Data for this exercise Start Marker

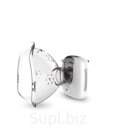 Портативный Меш Ингалятор MED-2000 RUS модель AIR MASK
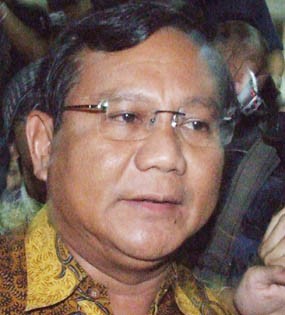 Katanya Rakyat Nggak Ada yang Miskin? Bohong!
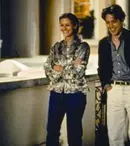 Notting Hill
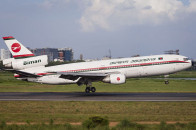 dhaka flights to resume soon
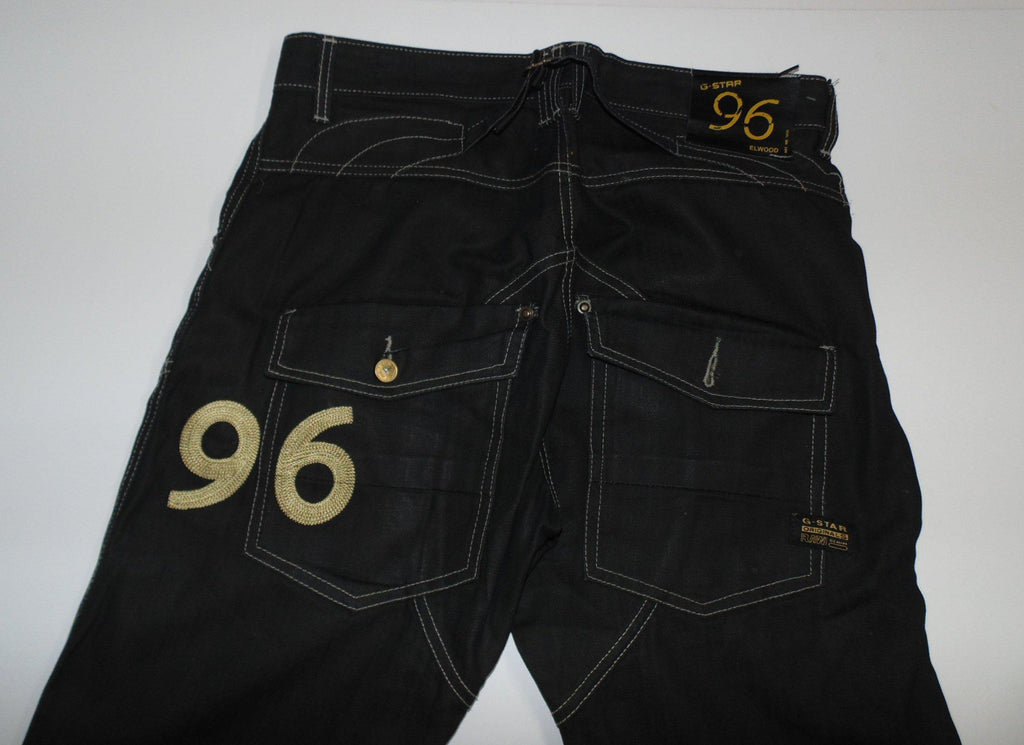 g star 96 raw jeans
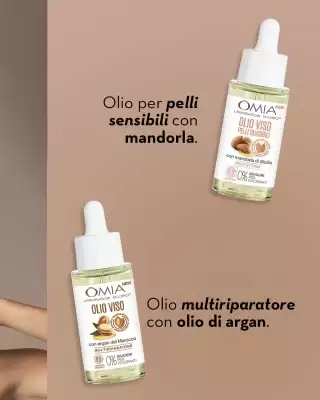 Volantino Splendidi e Splendenti (valido fino al 14-07)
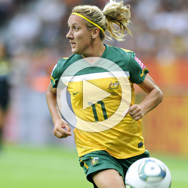 Ondersteunend beeld bij het artikel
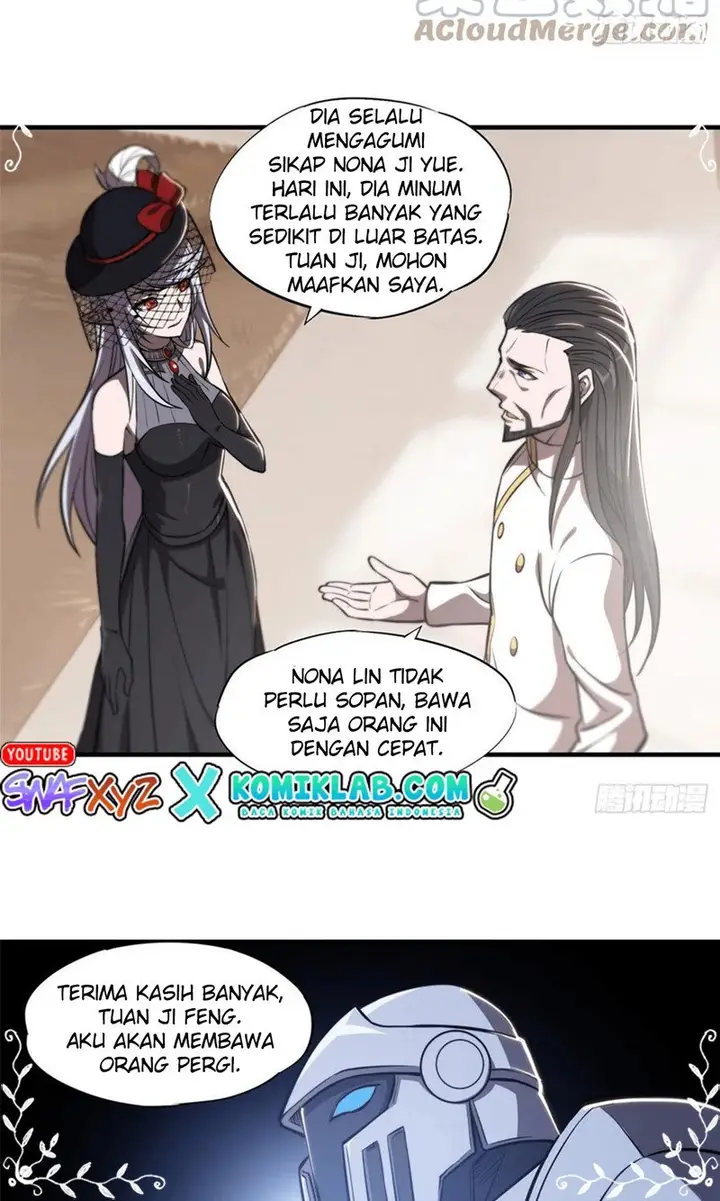 image-komik-the-blood-princess-and-the-knight-chapter-177-9/43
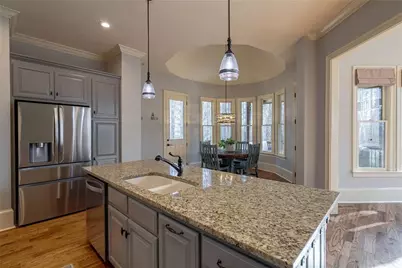 1400 Saxon Road, Watkinsville, GA 30677 - Photo 34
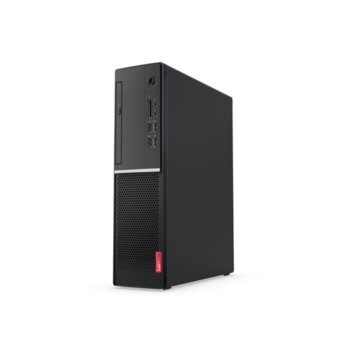 Lenovo V520s SFF 10NM003TBL/3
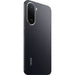 Telefon XIAOMI Redmi A7 Pro, 128GB, 4GB RAM, Dual SIM, Black + Woven Strap Ring Stand - WALTI WALTI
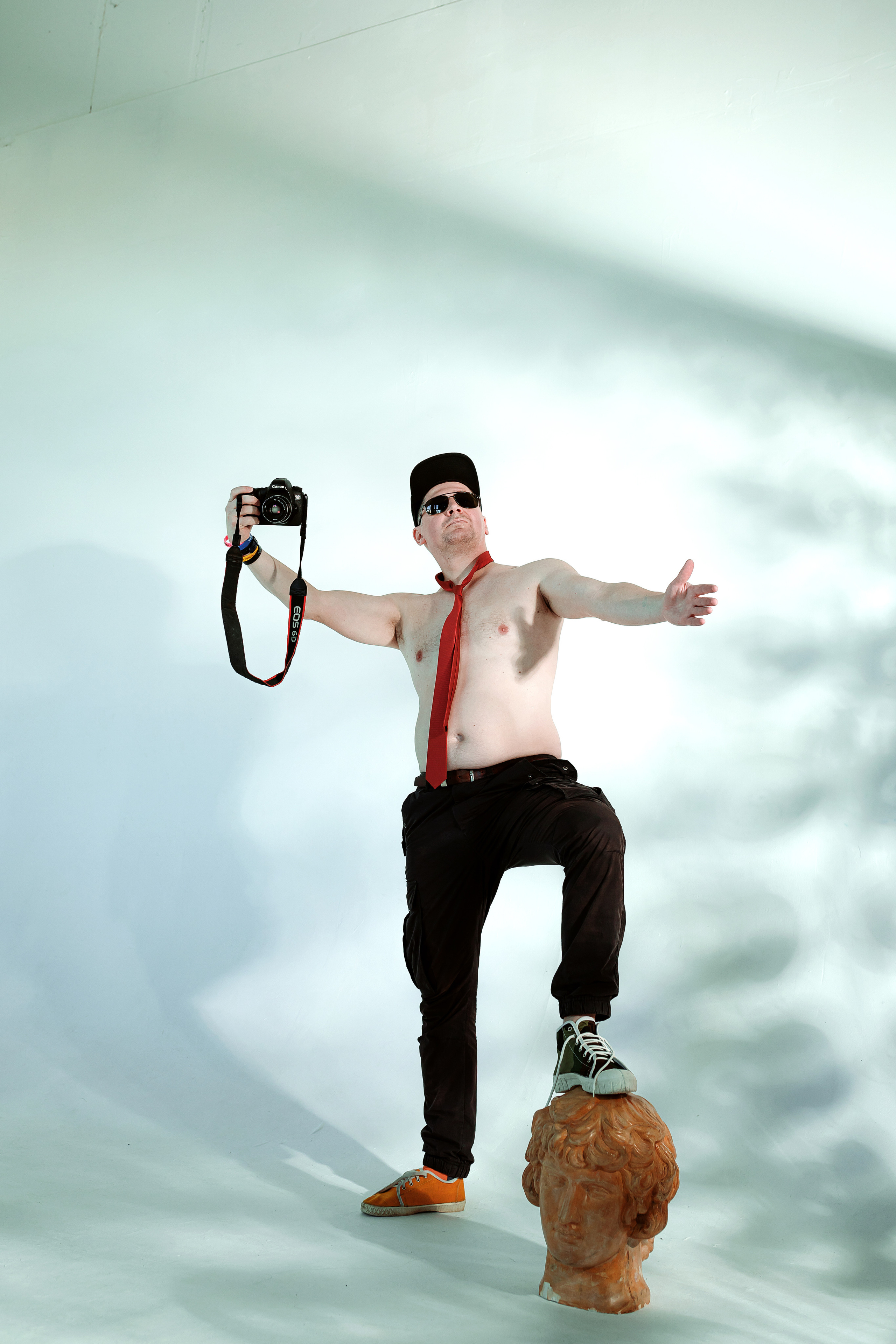 СЕРГЕЙ. Фотограф Елена Богачева (lenalena_na_na_na)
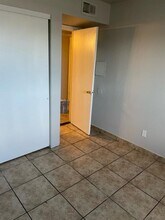 18202 N Cave Creek Rd, Unit 124 in Phoenix, AZ - Building Photo - Building Photo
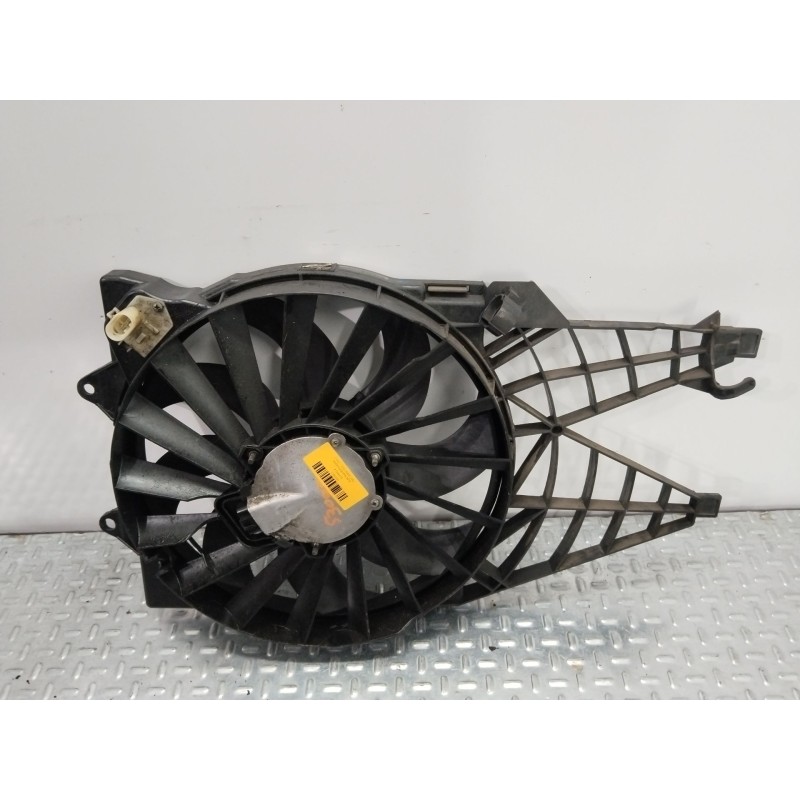 ELECTROVENTILADOR 51794414  - imagen 2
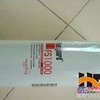 供应FS1000康明斯柴油滤清器
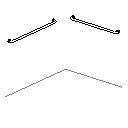 grab bars
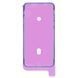 Проклейка дисплея Apple iPhone X/iPhone XS Original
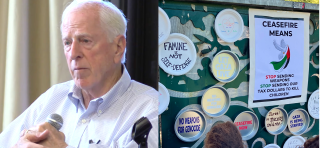 Screenshot 2025-06-01 at 8.23.22â•¯PM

Data for this exercise End Marker

Leaving out only the pictures, retype every record exactly.

 Портативный Меш Ингалятор MED-2000 RUS модель AIR MASK
 Katanya Rakyat Nggak Ada yang Miskin? Bohong!
 Notting Hill
 dhaka flights to resume soon
 g star 96 raw jeans
 Volantino Splendidi e Splendenti (valido fino al 14-07)
 Ondersteunend beeld bij het artikel
 image-komik-the-blood-princess-and-the-knight-chapter-177-9/43
 1400 Saxon Road, Watkinsville, GA 30677 - Photo 34
 Lenovo V520s SFF 10NM003TBL/3
 Telefon XIAOMI Redmi A7 Pro, 128GB, 4GB RAM, Dual SIM, Black + Woven Strap Ring Stand - WALTI WALTI
 СЕРГЕЙ. Фотограф Елена Богачева (lenalena_na_na_na)
 18202 N Cave Creek Rd, Unit 124 in Phoenix, AZ - Building Photo - Building Photo
 ELECTROVENTILADOR 51794414  - imagen 2
 供应FS1000康明斯柴油滤清器
 grab bars
 Проклейка дисплея Apple iPhone X/iPhone XS Original
 Screenshot 2025-06-01 at 8.23.22â•¯PM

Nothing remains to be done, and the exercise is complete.